INFORMATION SUPPLIED
*-*-*
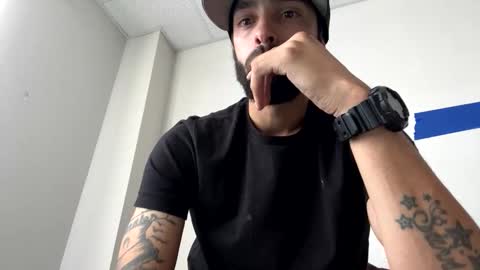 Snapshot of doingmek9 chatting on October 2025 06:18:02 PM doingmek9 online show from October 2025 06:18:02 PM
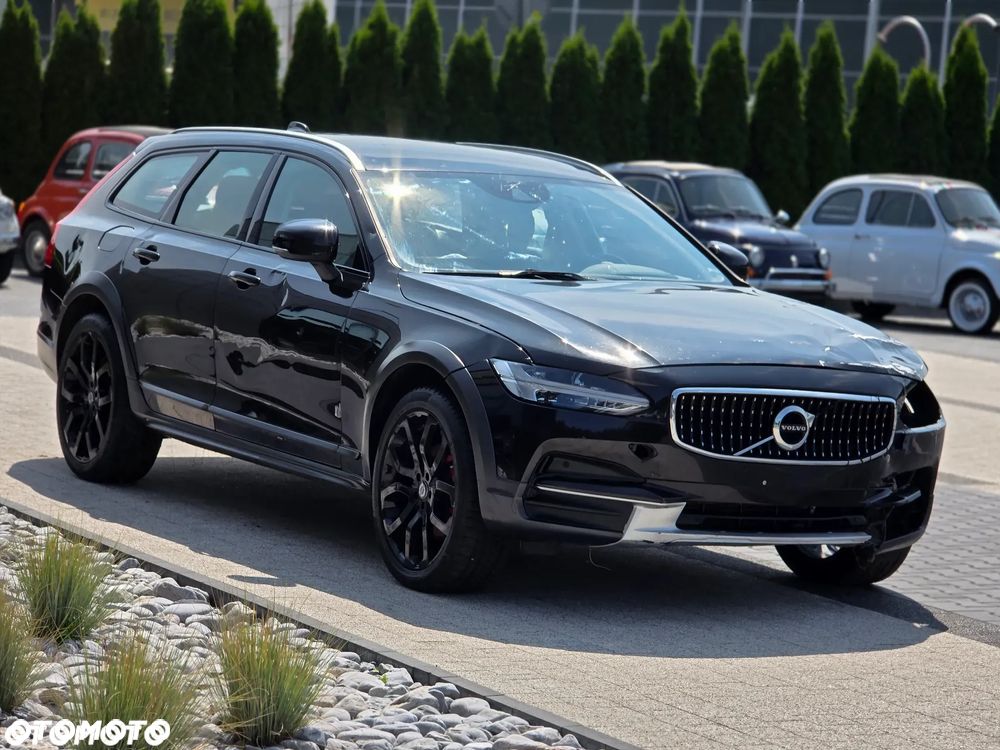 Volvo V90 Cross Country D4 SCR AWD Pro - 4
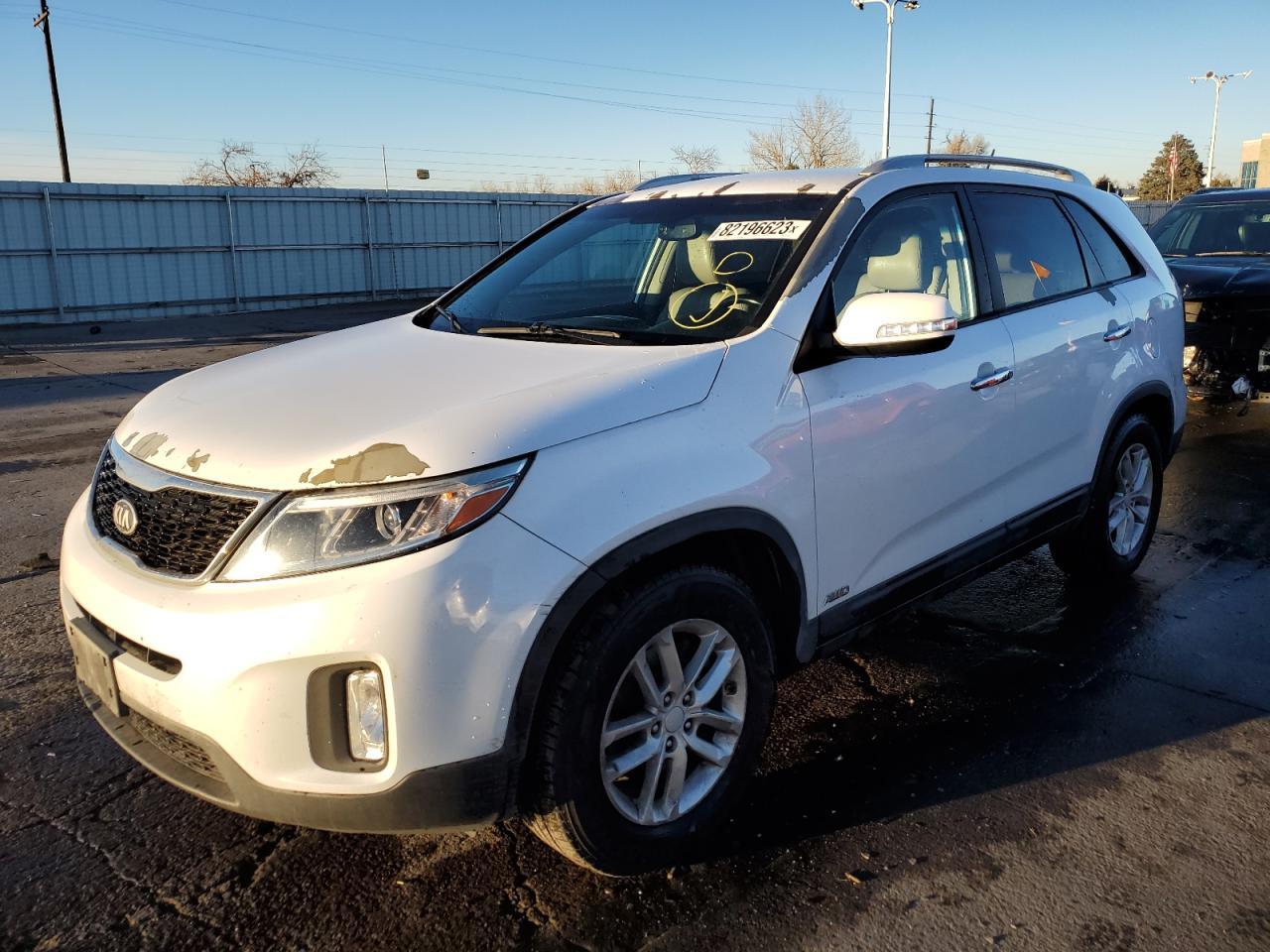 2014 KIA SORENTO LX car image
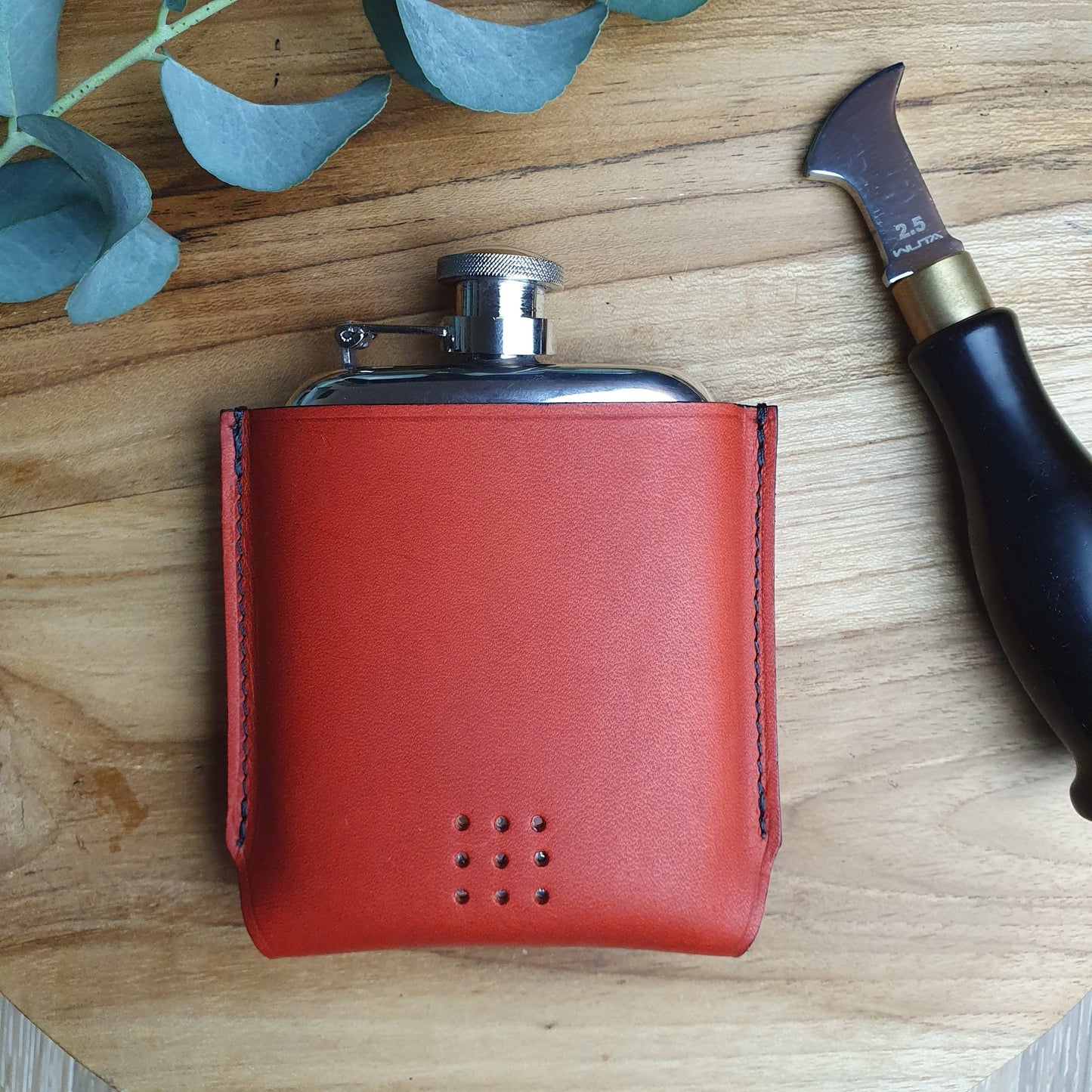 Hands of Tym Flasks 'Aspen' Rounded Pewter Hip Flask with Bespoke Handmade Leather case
*-*-*
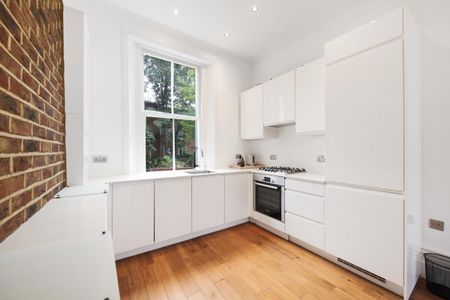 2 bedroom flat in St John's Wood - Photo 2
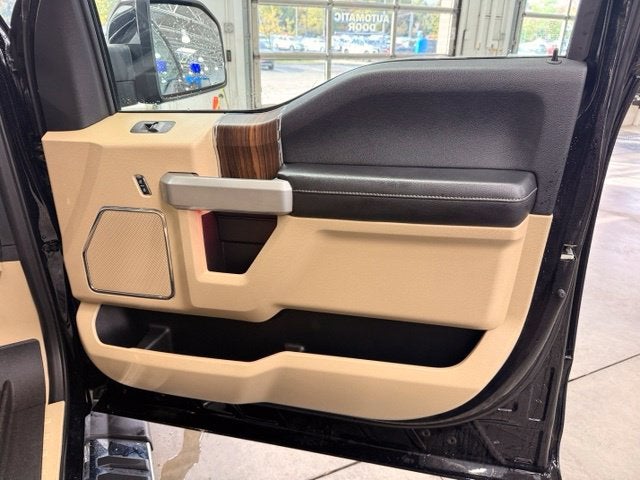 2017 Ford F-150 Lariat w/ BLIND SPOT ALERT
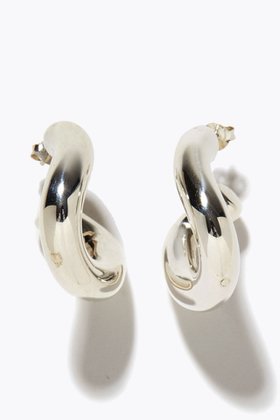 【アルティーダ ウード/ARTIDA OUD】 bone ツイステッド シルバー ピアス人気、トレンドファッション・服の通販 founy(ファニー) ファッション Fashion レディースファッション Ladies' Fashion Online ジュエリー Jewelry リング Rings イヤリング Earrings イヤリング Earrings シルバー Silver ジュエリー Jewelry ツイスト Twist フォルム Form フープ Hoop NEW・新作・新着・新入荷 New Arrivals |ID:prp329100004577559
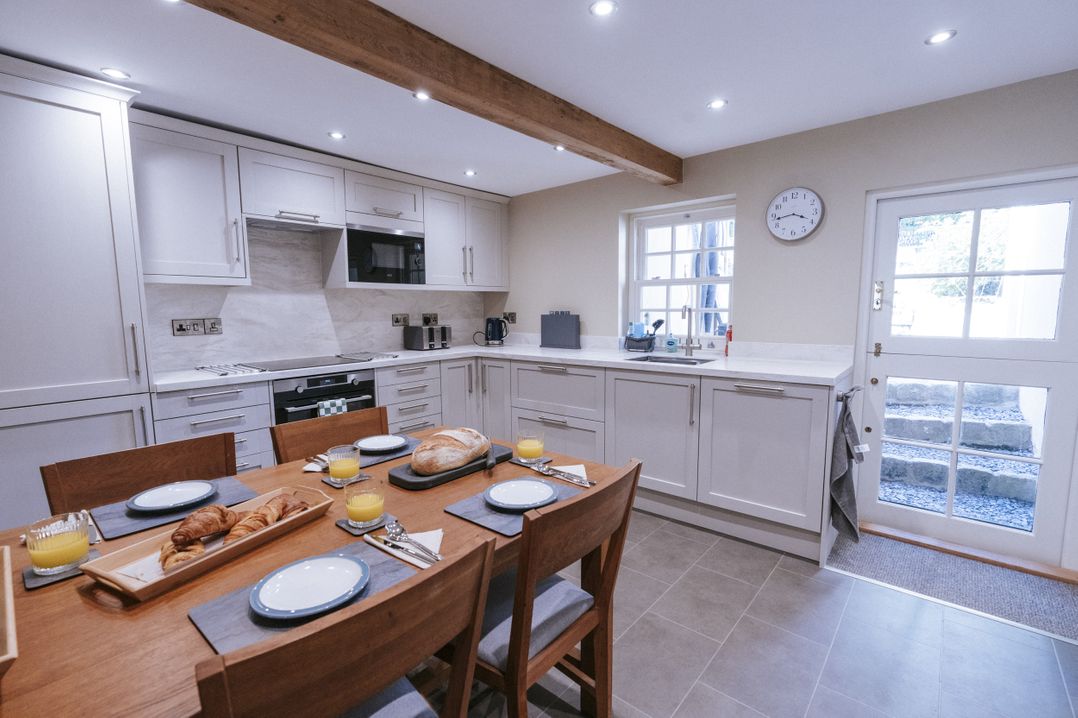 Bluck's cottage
*-*-*
YOUR TASK
Find the line with "Volvo V90 Cross Country D4 SCR AWD Pro - 4" in the entries above. Set down exactly every line from it up to and including the line with "Hands of Tym", images excluded.

RESPONSE AREA
 Volvo V90 Cross Country D4 SCR AWD Pro - 4
 2014 KIA SORENTO LX car image
 Hands of Tym Flasks 'Aspen' Rounded Pewter Hip Flask with Bespoke Handmade Leather case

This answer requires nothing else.